— RECORDS SUPPLIED —
☆ ☆ ☆ ☆ ☆ ☆ ☆

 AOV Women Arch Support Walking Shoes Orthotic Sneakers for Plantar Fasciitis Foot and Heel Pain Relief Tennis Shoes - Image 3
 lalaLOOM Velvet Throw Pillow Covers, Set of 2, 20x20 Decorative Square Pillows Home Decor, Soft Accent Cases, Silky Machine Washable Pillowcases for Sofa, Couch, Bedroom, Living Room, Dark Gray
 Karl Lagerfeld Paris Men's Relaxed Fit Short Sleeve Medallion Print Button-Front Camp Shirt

☆ ☆ ☆ ☆ ☆ ☆ ☆

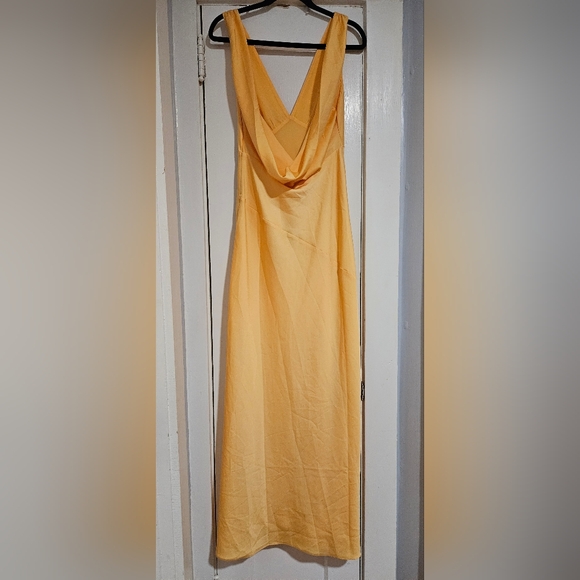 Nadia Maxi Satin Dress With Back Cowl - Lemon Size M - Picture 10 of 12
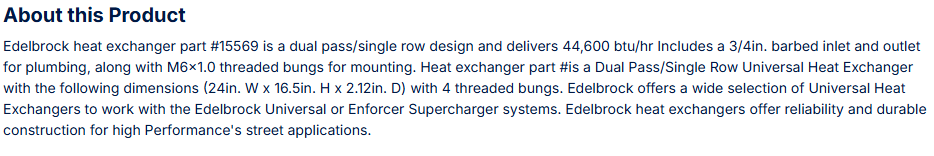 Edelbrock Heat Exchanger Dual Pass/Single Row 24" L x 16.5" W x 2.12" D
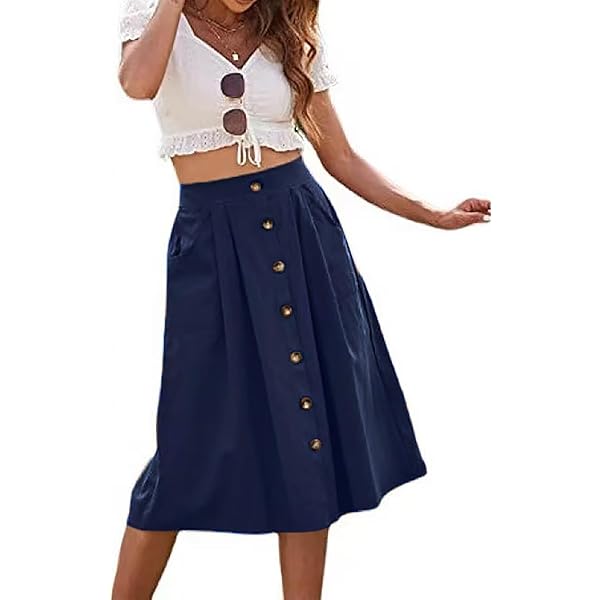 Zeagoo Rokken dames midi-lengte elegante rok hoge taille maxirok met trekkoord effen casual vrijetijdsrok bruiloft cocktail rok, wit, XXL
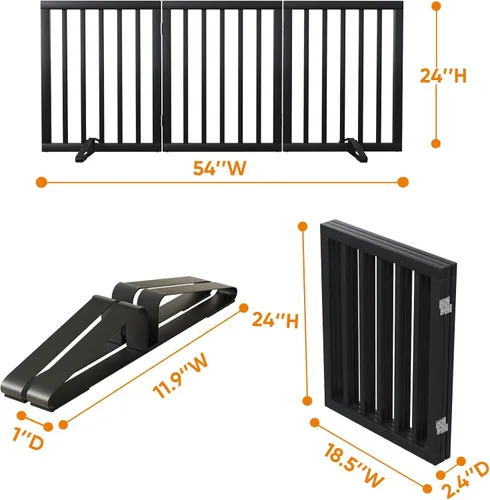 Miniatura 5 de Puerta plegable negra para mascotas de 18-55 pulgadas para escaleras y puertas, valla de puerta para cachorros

☆ ☆ ☆ ☆ ☆ ☆ ☆

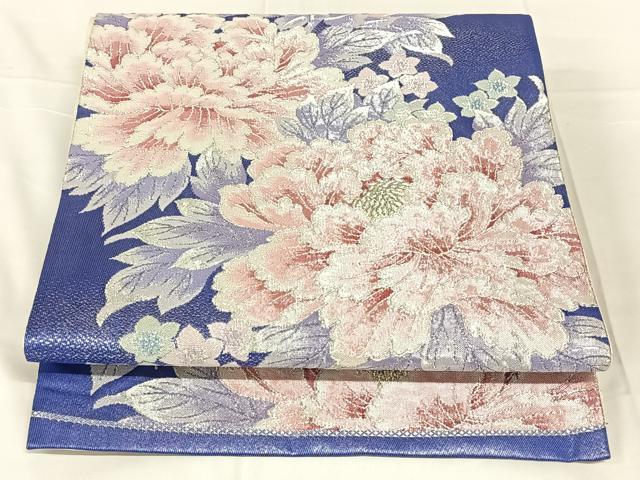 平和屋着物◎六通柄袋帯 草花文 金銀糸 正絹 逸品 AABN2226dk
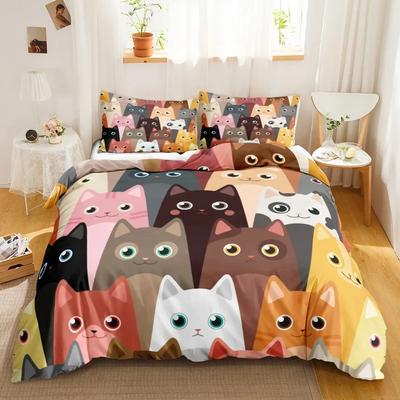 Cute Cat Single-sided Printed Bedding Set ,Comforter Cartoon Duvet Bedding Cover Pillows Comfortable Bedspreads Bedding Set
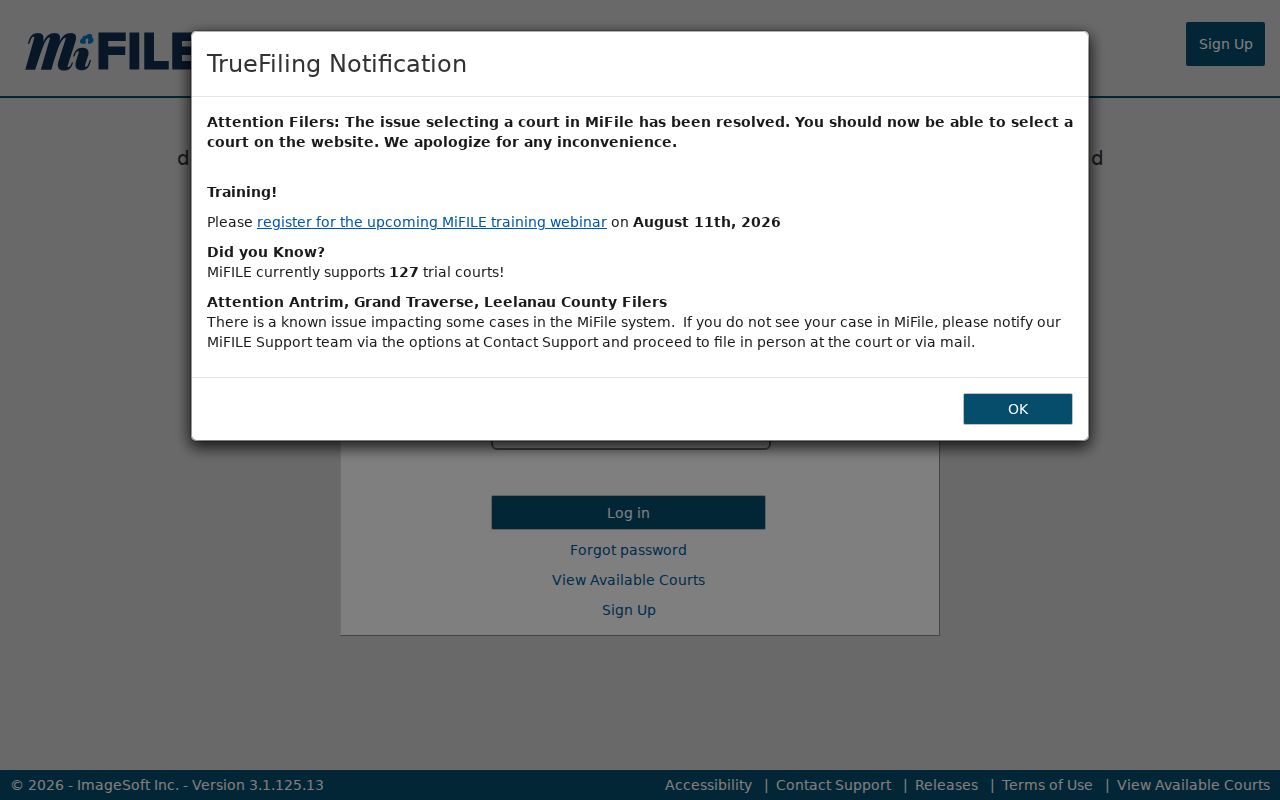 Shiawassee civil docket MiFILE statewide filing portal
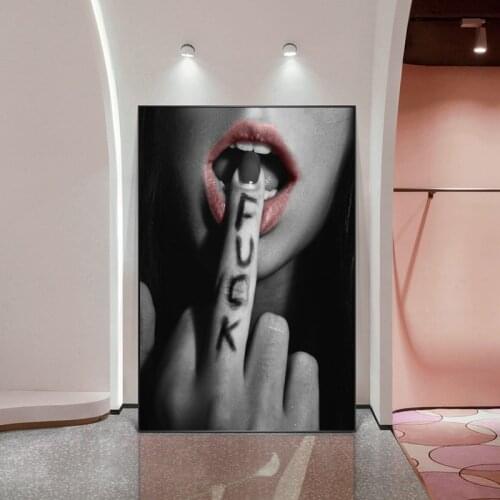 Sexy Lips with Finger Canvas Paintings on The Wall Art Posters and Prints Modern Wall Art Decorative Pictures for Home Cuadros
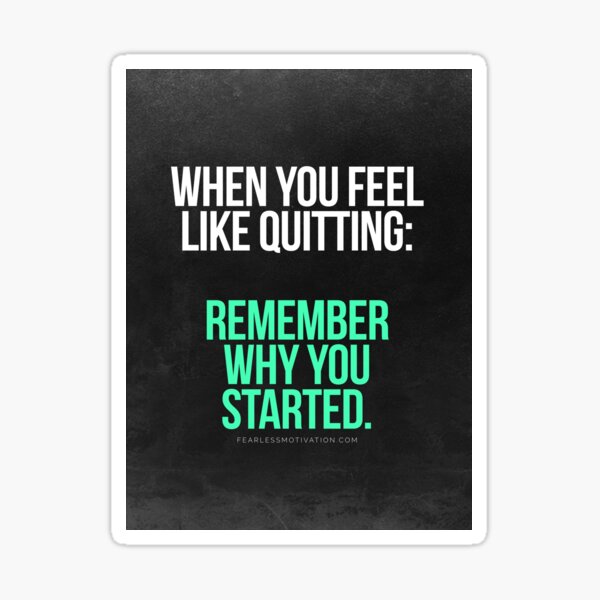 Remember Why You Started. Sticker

☆ ☆ ☆ ☆ ☆ ☆ ☆

Extract the lines of the preceding material that run from the line with "AOV Women Arch" through the line with "Karl Lagerfeld Paris", inclusive, reproducing them exactly and adding nothing.

— RESULT —
 AOV Women Arch Support Walking Shoes Orthotic Sneakers for Plantar Fasciitis Foot and Heel Pain Relief Tennis Shoes - Image 3
 lalaLOOM Velvet Throw Pillow Covers, Set of 2, 20x20 Decorative Square Pillows Home Decor, Soft Accent Cases, Silky Machine Washable Pillowcases for Sofa, Couch, Bedroom, Living Room, Dark Gray
 Karl Lagerfeld Paris Men's Relaxed Fit Short Sleeve Medallion Print Button-Front Camp Shirt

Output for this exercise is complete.